Na ficção de Greta, que estreia quinta-feira, a melhor amiga do personagem de Marco Nanini é uma mulher trans, uma performer interpretada por Denise Weinberg. Ao amigo, ela diz: “Aprende logo a viver sozinho, porque estou morrendo”. Nanini sabe o que arrisca fazendo o papel. Não é só a questão de o personagem ser gay. É a exposição tanto física quanto emocional. Aparecer de nu frontal, aos 71 anos – “E gordo, né?”, ele assume -, não é para qualquer um.
Apesar da exposição da decadência física – “Pronto, tá feito. É pegar ou largar'” -, ele recebe com prudência as afirmações de que foi “ousado”, “corajoso”. No CineCeará, em que Greta terminou como grande vencedor, foi o que mais ouviu. “Mas não sei se é o caso. Se eu pensasse assim, que seria corajoso, acho que travava. Seria sinal de que tinha medo. Os pobres, os velhos, os negros, os gays, as trans estão sendo massacrados todo dia. O problema do Brasil não é o beijo gay, é a desigualdade social”, reflete.

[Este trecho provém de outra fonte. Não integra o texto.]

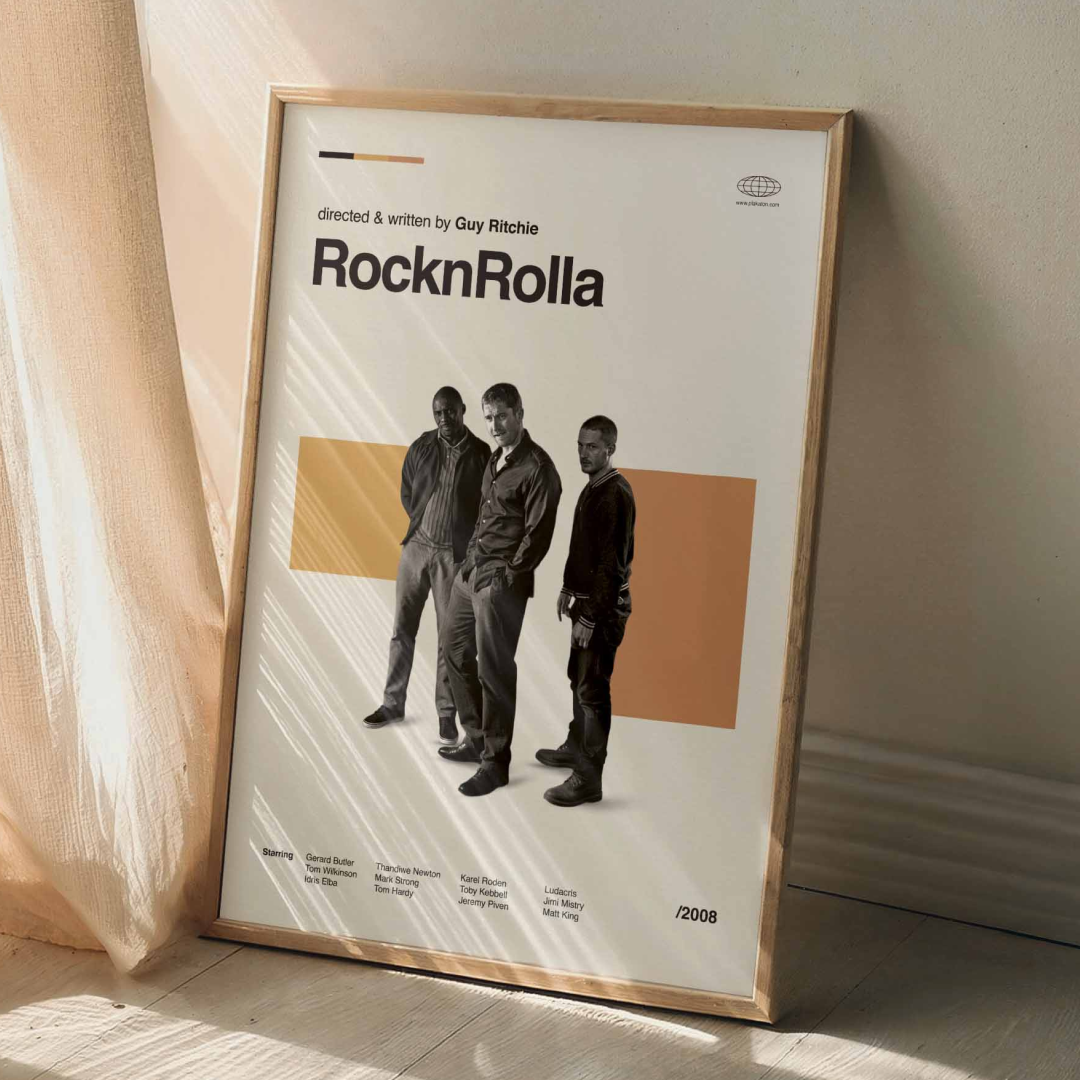 RocknRolla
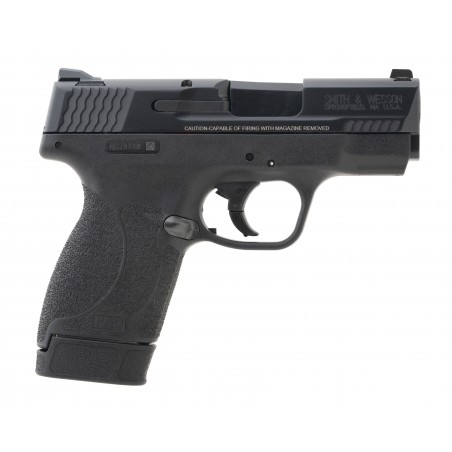 Smith & Wesson M&P45 Shield .45 ACP (PR59241)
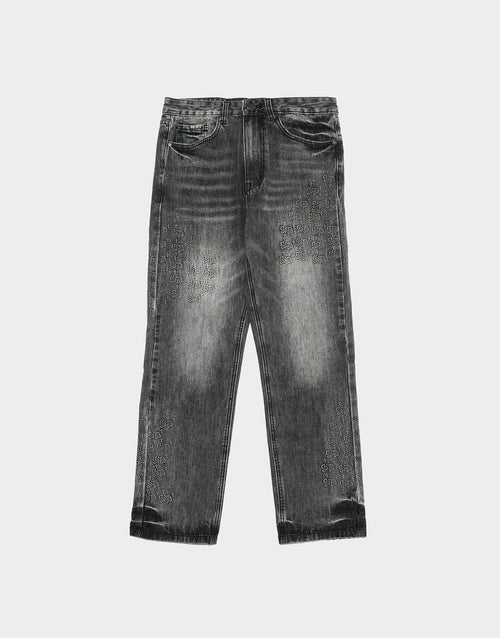 Zeno Relaxed Jeans
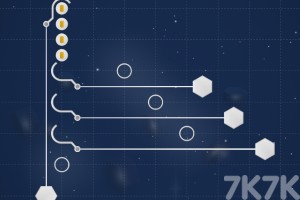 《钩球进洞》游戏截图4 《钩球进洞》游戏截图4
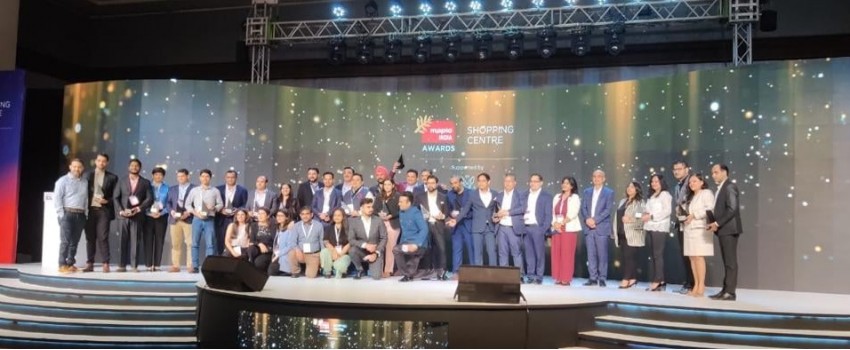 INDIA RETAIL FORUM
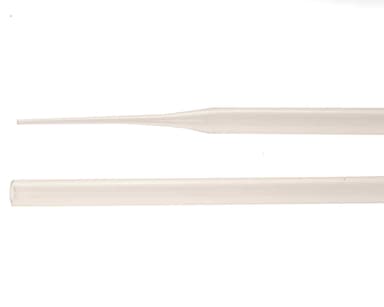 Polystyrene Plasteur® Pasteur Pipet, 5.75 Inch Length, Individually Wrapped, Sterile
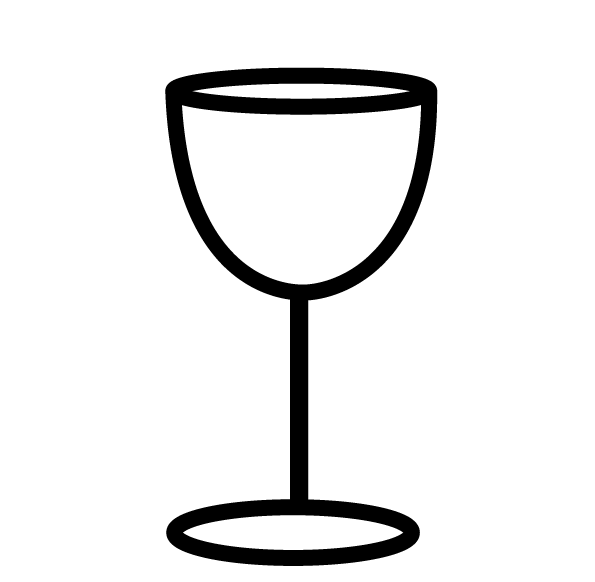 Icone pour la catégorie Glassware
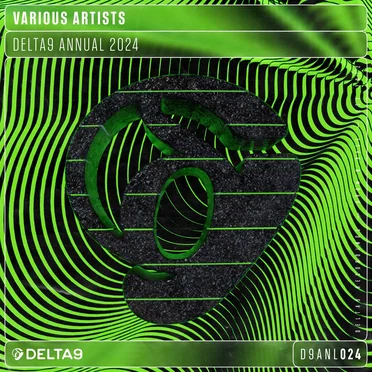 Annual 2024 by Various Artists - album cover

E acrescenta. “Esse avanço do conservadorismo não é coisa nossa, tem ocorrido em todo o mundo. O que é nosso é piorar o que já é ruim.” Fazer esse velho transgressor seria uma bênção para qualquer ator. Nada mais diferente dele que o pai de família careta de A Grande Família, que foi reprisado nas tardes da Globo recentemente. “Será tão diferente assim?”, pergunta-se Nanini. “É a mesma matéria humana. Fiz um com a mesma entrega do outro. Respeito meus personagens para que eles gostem de mim.” Tratam-se de dois personagens numa extensa galeria. O caso de Lineu tornou-se especial. “O texto era muito bem escrito e a equipe muito entrosada. Trabalhando tanto tempo junto, a gente criou laços, como uma família de verdade.”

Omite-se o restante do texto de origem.